How Thatcher defeated Mitterrand: lessons from the late prime minister's decisive victory in the war of economic ideas.

AuthorWelch, Matt
PositionFrom the Top - Margaret Thatcher and Francois Mitterrand - Editorial

AS FAR AS lousy years go, 1979 ranks right down there with the terror-mangled annus horribulus of 2001 and the Nixonian nadir of 1973.

The calendar of woe began with the January-February Islamic revolution in Iran, ushering in the modern global era of atavistic Muslim theocracy. On Iran's west flank, Saddam Hussein formally consolidated his power that July with a brutal televised witch hunt of accused spies within his government. To its east in December, the Soviet Union invaded Afghanistan.

The United States was embroiled in all of these unhappy spasms of violence. The revolution (which deposed a CIA-installed shah, who then was controversially welcomed into U.S. exile) triggered an oil shock, producing long gas lines and every-other-day rationing. The revolutionaries took 53 Americans hostage at the U.S. embassy in Tehran, plunging the remainder of Carter's presidency into impotent despair. Washington funded the anti-Soviet (and protheocratic) Mujahedeen in Afghanistan, and organized a buzz-killing boycott of the 1980 Summer Olympics in Moscow.

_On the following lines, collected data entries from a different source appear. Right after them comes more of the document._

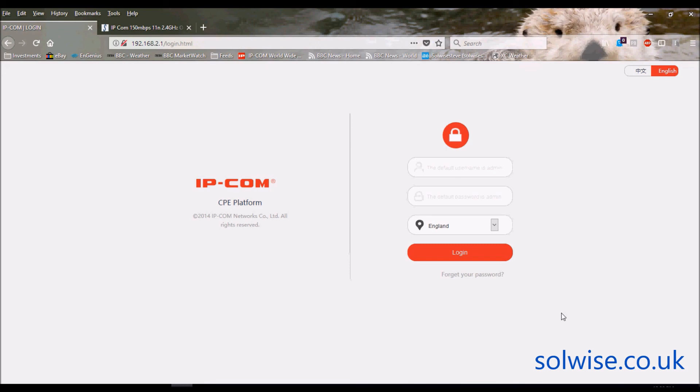So that's the AP615. I hope that gives you some insights into what the screens look like. Thank you very much.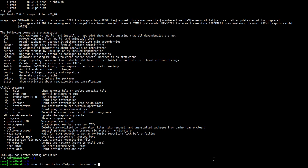However, not all images on the Docker Hub have signatures, so we're going to tell Rocket to skip image verification. We do this by passing the flag insecure-options=image.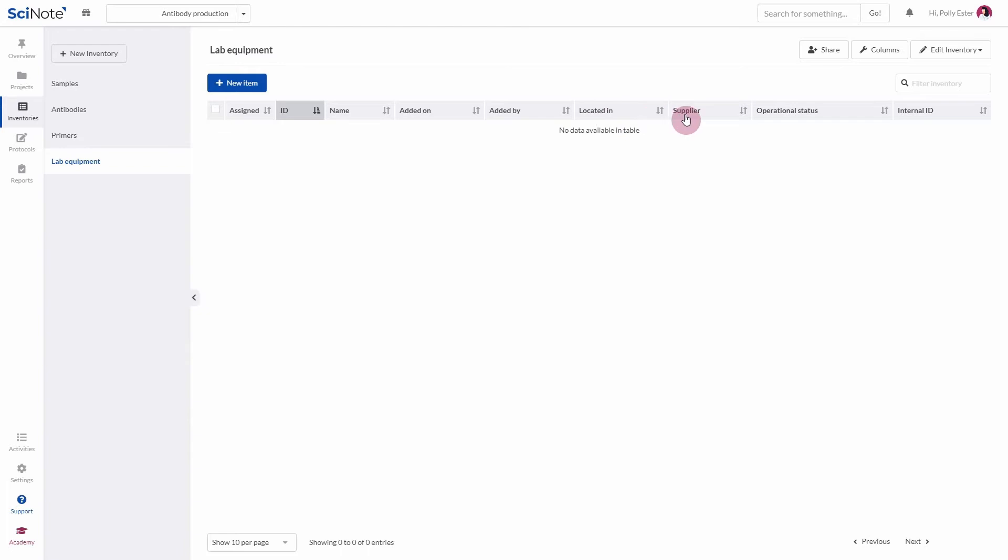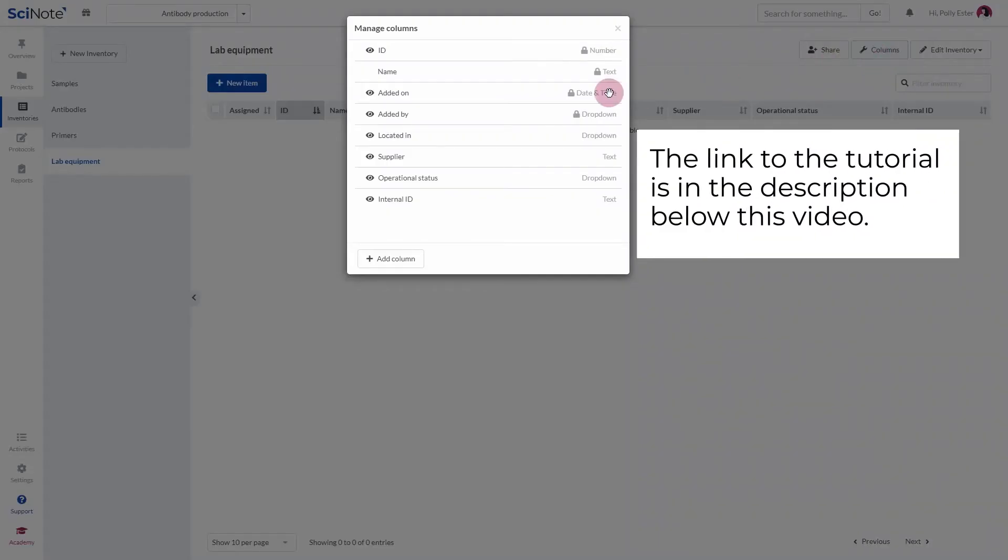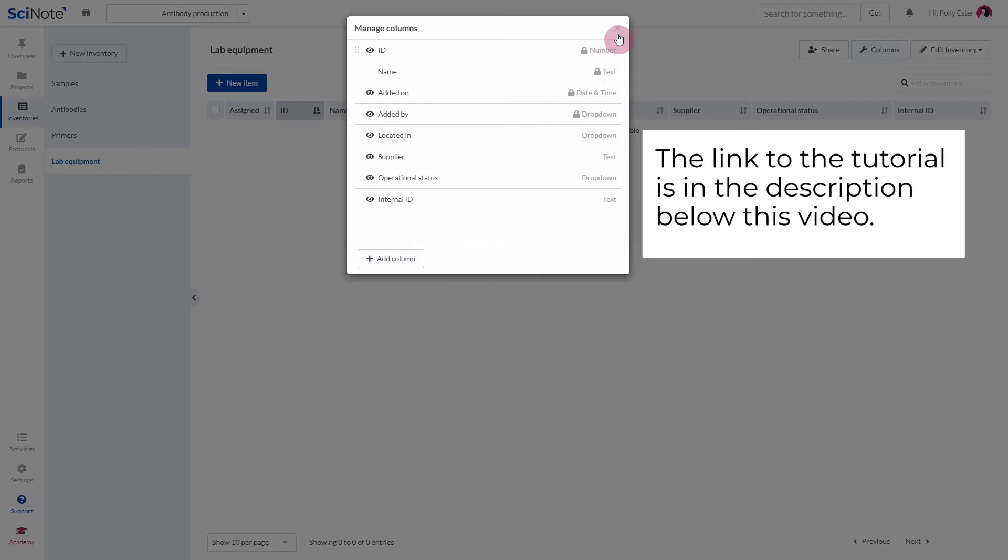If you need to create new columns, you can learn how to do this by watching our video tutorial on how to create new inventory columns.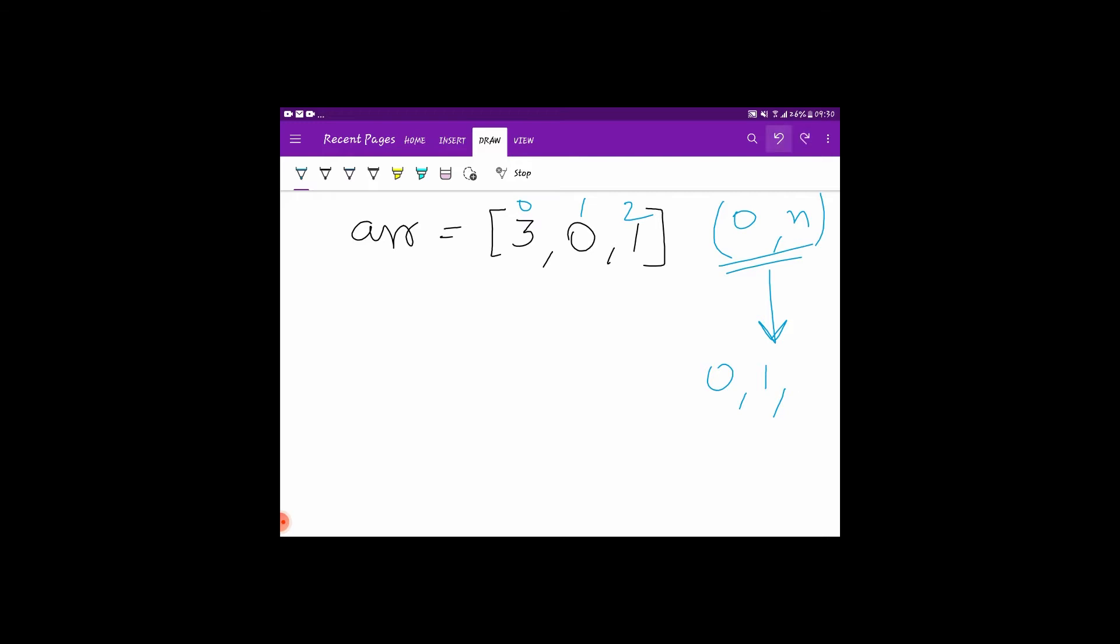The indexes are provided. Now when the program will first run, it will check: is 3 on the correct index? No. It will swap it. It will become 0, 3, 1. Now it will see is zero on the correct index? Yes it is, it will go forward.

And if anything, the news on the economic front was worse. Inflation in the U.S., which had been the number one public policy concern of Americans in every annual Gallup poll since 1973, zoomed north of II percent. GDP growth began plunging, from 6.5 percent in the first quarter of '79 to 1.3 percent in the fourth, and unemployment increased throughout the year.

Similar stories were being told throughout the Western world: over 10 percent inflation in France, 13 percent in the United Kingdom, 14 percent in Italy, 15 percent in Spain, 19 percent in Greece. England, which had just suffered through a 1978-79 "Winter of Discontent" featuring widespread public-sector strikes and rage against inflation, had grown accustomed to being described as "the sick man in Europe" at a time when Europe itself didn't seem so healthy.

One reason that Jimmy carter's "malaise" speech of July 1979 (which actually never used that term) is so enduringly famous is that it so perfectly encapsulated the West's sapped morale. "The erosion of our confidence in the future is threatening to destroy the social and the political fabric of America," Carter warned. "For the first time in the history of our country a majority of our people believe that the next five years will be worse than the past five years."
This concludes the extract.